More significantly, the Bench then goes on to add in para 59 that, “The Tribunal while setting aside the decision to cancel the recruitment process directed the Government to process the appointments of all 281 candidates who were found to be within the zone of selection though as a matter of fact only 6 of them had moved the Tribunal. After DSSSB and GNCTD moved the High Court in proceedings under Article 226 to challenge the decision of the Tribunal, intervention applications were moved by several candidates. These interventions were rejected by the High Court and we have also extracted from the order passed during the pendency of the proceedings on 15 December 2017 in para 20 of this judgment. The High Court while dismissing the applications for intervention noted that the cause of action had accrued on 15 March 2016 when the entire examination had been cancelled, in spite of which none of the intervening candidates had challenged the decision. The judgment of the High Court in the present case was delivered on 13 January 2020 and it is only thereafter that this Court has been moved under Article 136 of the Constitution. Some of the petitioners who instituted Special Leave Petitions before this Court had not even moved applications for intervention before the High Court. Others did not pursue their remedies against the order of the High Court dated 15 December 2017 for over 2 years. They have taken no steps to challenge the decision for the cancellation of the examination.
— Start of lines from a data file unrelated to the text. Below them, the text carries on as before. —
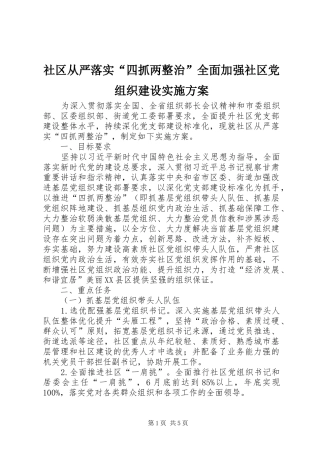 社区从严落实“四抓两整治”全面加强社区党组织建设实施方案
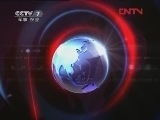 军事报道 《军事报道》 20120409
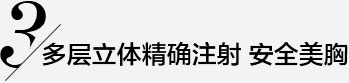 上海奉贤区整形医院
In view of the fact that we have upheld the submissions of DSSSB and GNCTD and proceed to set aside the judgment of the High Court, the SLPs filed by the candidates would have to stand rejected, in any event.”

Finally, it is then held in para 60 that, “For the above reasons, we order and direct:

(i) The facts which have come to light during the course of the hearing of this batch of SLPs reflect on the serious flaws in the process which was conducted by DSSSB. DSSSB and GNCTD must now take adequate measures to ensure against the recurrence of such instances which erode the credibility of and public confidence in the recruitment process. We direct that a comprehensive exercise to re-visit the modalities and safeguards be carried out within a period of two months to ensure that the probity of the recruitment process in future is maintained;

(ii)   The notification dated 15 March 2016 of GNCTD cancelling the Tier-I and Tier-II examinations held for recruitment to the post of Head Clerk [(Grade II (DASS)] under post code 90/09 is upheld;

(iii) The appeals filed by DSSSB (arising from Special Leave Petition (C) No. 11940 of 2020) and GNCTD (arising from Special Leave Petition (C) No. 12066 of 2020) are allowed;

(iv) The judgment of the Division Bench of the Delhi High Court dated 13 January 2020 (and in consequence the judgment of the Tribunal) are set aside; and

(v) The companion appeals arising out of the SLPs (SLP(C) No. 5785-5786/2020 SLP(C) No. 5783-5784/2020 SLP(C) No. 5370-5371/2020 SLP(C) No. 8811-8812/2020 SLP(C) No. 11443-11444/2020 SLP(C) No. 11441-11442/2020 SLP(C) No. 12410-12411/2020 SLP(C) No. 15297-15298/2020 SLP(C) No. 15299-15300/2020 SLP(C) No. 110-111/2021) filed by the candidates stand dismissed.”

All said and done, it has to be said in all fairness that the Apex Court Bench led by Justice Dr DY Chandrachud has very rightly decided to cancel the examination by Delhi Subordinate Services Selection Board as there were several very serious questions which were raised on its efficiency and neutrality and which we have already discussed above in detail. If the legitimacy of the examination itself comes under a cloud then the better option certainly is to cancel it! This is exactly what the Apex Court too has done very rightly in this leading case also! All the Courts must always definitely follow what has been laid down in this leading case in similar such cases!